Wednesday Warriors #42 – Nel segno di Spider-Man

Torna Wednesday Warriors dopo una lungherrima pausa estiva. E si parte subito col botto: lo Spider-Man di Abrams padre e figlio con Sara Pichelli alle matite

Gufu’s Version

SPIDER-MAN #1 di J.J. Abrams, Henry Abrams e Sara Pichelli

Negli ultimi anni l’ossessione per lo spoiler, per il contenuto rivelato prima della fruizione di un’opera, ha raggiunto vette altissime tanto da essere utilizzata come arma dagli esperti di marketing per spingere alla visione compulsiva delle opere, ne sono un fulgido esempio i successi di Avengers: Endgame e l’ultima stagione di Game of Thrones.
Va da sé che non tutte le storie sono uguali e che nel 90% dei casi il cosiddetto spoiler non rovina davvero la fruizione di un’opera.
O meglio: sebbene il fattore sorpresa sia una componente importante nella narrazione di una storia raramente ne è un elemento chiave.

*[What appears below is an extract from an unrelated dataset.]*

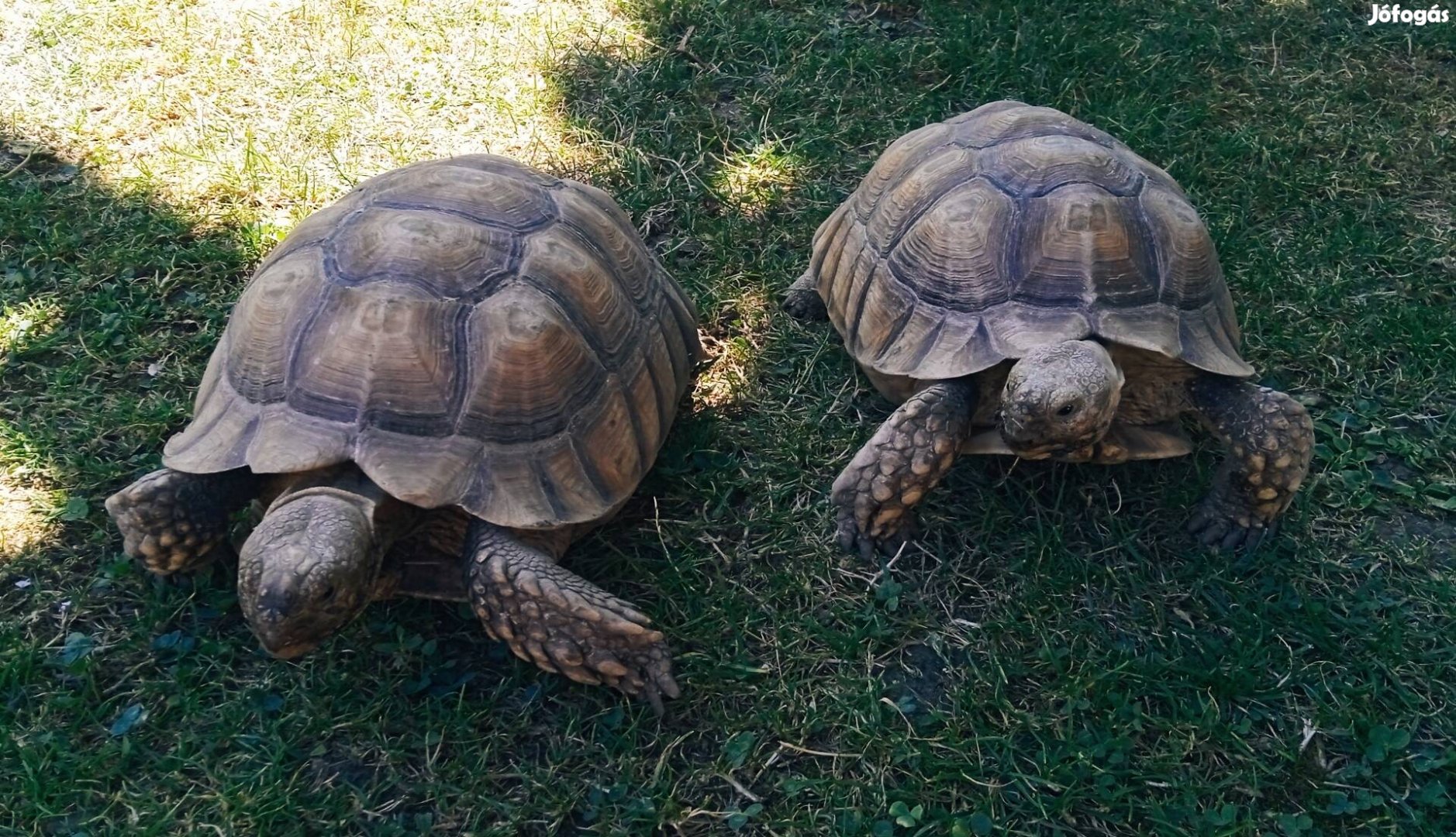 Sarkantyús teknős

Questo preambolo per dire che, a differenza della stragrande maggioranza delle opere di intrattenimento, lo Spider-Man della ditta Abrams/Abrams/Pichelli trova uno dei suoi punti di forza proprio nella sorpresa che il trio piazza nelle primissime pagine dell’albo e che andrà poi a condizionare tutto il resto della storia (motivo per cui questa recensione sarà quanto più vaga possibile sugli elementi dell’intreccio).
Va dato merito quindi ai responsabili della comunicazione e del marketing della Marvel capaci di “intorbidire le acque” senza dire nulla arrivando anche a pilotare una serie di rumor fuorvianti.
Ma questo punto di forza è allo stesso tempo la maggior debolezza dell’albo: una volta metabolizzato lo shock iniziale dell’intreccio resta ben poco.
Il villain di turno, oltre a sfoggiare il poco convincente nome di Cadaverous, ha uno spessore impalpabile e ha un che di “già visto” nelle pagine di Spider-Man, e gran parte della trama è incentrata sulla (ri?)narrazione di una “origin story” che non offre spunti degni di nota.

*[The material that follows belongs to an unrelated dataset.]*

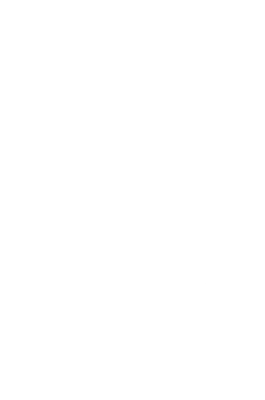 Торт празький    22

A dispetto di quanto detto fino a qui Spider-Man #1 è comunque un buon fumetto in grado di avvincere il lettore. Quello che manca in termini di conflitto extra-personale viene recuperato dalle situazioni di conflitto personale e interno (delucidazioni sulle leggi del conflitto QUI).

Gli Abrams – e qui sospetto che ci sia più la mano di Abrams figlio viste le tematiche adolescenziali – mettono al centro del loro soggetto tre personaggi principali, quasi disinteressandosi di tutto il resto, illustrandone i rapporti, gli attriti, i momenti di affetto e le singole fragilità esplorando così il lato più umano del fumetto supereroico.
È in questo che il trio di autori riesce a restituire una vera storia dell’Uomo Ragno che giustifichi la nascita di una terza testata, che si affianca alle già esistenti “Amazing” e “Friendly Neighborhood”, perché quella di Peter Parker è sì una storia di costumi sgargianti, nemici pittoreschi e superpoteri inquietanti ma è soprattutto una storia di fragilità: Spider-Man, sin dalle sue origini, si distingue dagli altri supereroi proprio in virtù delle proprie debolezze, per l’estremizzazione del concetto “supereroe con superproblemi”.

L’identità di Spider-Man, il suo punto distintivo, risiede nella sua fragilità.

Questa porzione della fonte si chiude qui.